Tendo sido considerado desde uma obra não-filosófica como até mesmo um delírio
megalômano sintoma do colapso vindouro, Ecce Homo de fato não é uma obra simples.
Como já recomendado pelo seu autor em outras obras, é um tipo de texto que exige que o
leitor tenha a virtude de um bovino — a de ruminar, e não foram poucas as vezes em que
Nietzsche afirmou serem raros, se não inexistentes, os homens entre os modernos com
“ouvidos” para as suas obras. Antes de tudo, para se dar ao menos os primeiros passos dentro
da obra precisamos refletir (ruminar) as seguintes questões: o que significa, para um autor
como Nietzsche, a escrita de uma biografia, ainda mais, uma autobiografia?, e o que haveria
de filosófico nisso? e também, o que significa “tornar-se quem se é”?
Nietzsche apresenta, em sua forma peculiar de filosofar, com seu “filosofar com o
martelo”, a fragilidade desses valores sagrados. Ele vai ainda mais profundamente nesse solo,
e encontra em seu subterrâneo uma moral que percorreu toda essa tradição. E toda moral,
todo pensamento, é oriundo, segundo Nietzsche, não de uma consciência privilegiada e
autônoma, mas de uma fisiologia, de uma disputa de pulsões, do qual a consciência, do qual
esse tão prepotente “Eu” é só um aspecto, é só uma brincadeira, um utensílio.

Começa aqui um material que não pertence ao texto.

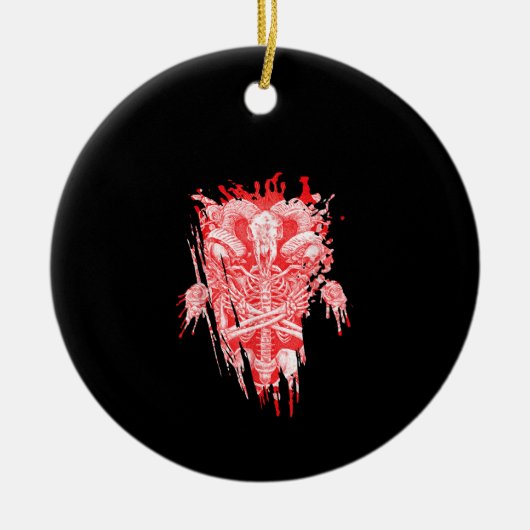 Satankrak alle hailgeit satanthuis keramisch ornament (Voorkant)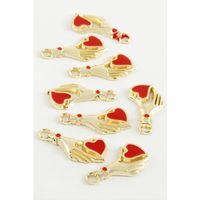 Kalp Tek Kulplu Mineli Bileklik ve Kolye Ucu Aparatı 1 Adet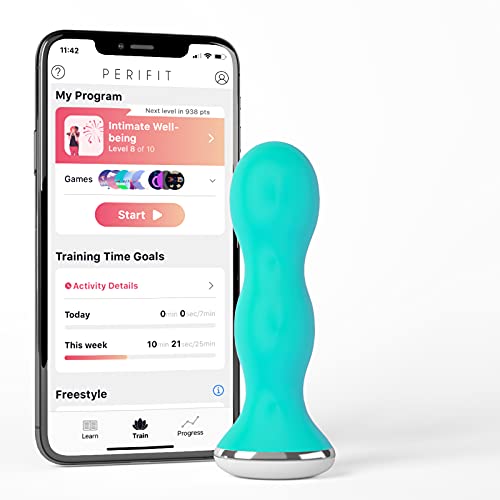 Perifit - Ejercitador de Kegel con aplicación | Entrenador del suelo pélvico | Fortalece tu suelo pélvico, mejora el control de la vejiga y agiliza la recuperación postparto | Verde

Ele é o filósofo que acima de tudo elogia a vida, e tudo que a compõe, que busca a
honestidade e a coragem com valores potentes para fazer essa afirmação. Seguindo este
pensamento podemos começar a entender o que significa uma auto-biografia escrita pela pena
de Nietzsche. O que significa filosoficamente dedicar tanta tinta descrevendo hábitos, dietas e
lugares que visitou. Diz Nietzsche:
Se até então toda filosofia, pela tese de Nietzsche, está intimamente vinculada com
uma confissão espiritual, percebida ou, mais rotineiramente, não, de seu autor, conhecer o
autor, intimamente, conhecer sua fisiologia, é parte crucial de se conhecer sua filosofia. E sua
moral encontra-se no cerne do qual se montam todas suas edificações teóricas. Em última
instância a filosofia de um pensador é a expressão máxima das pulsões que
inconscientemente lhe formam em sua tentativa de reivindicar autoridade para si. Sendo de
suma importância entender de qual fisiologia provém cada filosofia, e qual fisiologia é
propiciada. Aqui o autor entra com um vocabulário tipicamente médico, lembrando que ele se
considera um “médico da cultura”, pois assim deseja realçar que não existe uma distinção
entre o que é saúde física e espiritual.
Todo gesto de conhecimento, toda busca por Verdade, e toda tentativa de descrever
“objetos” é, antes de tudo, um gesto oriundo da mesma pulsão que na fisiologia do homem o
leva a fazer arte. Conhecer é um gesto poético, é um gesto criativo. Isso não é cair no
subjetivismo, pois o próprio sujeito não possui um estado unívoco, também é um vir-a-ser.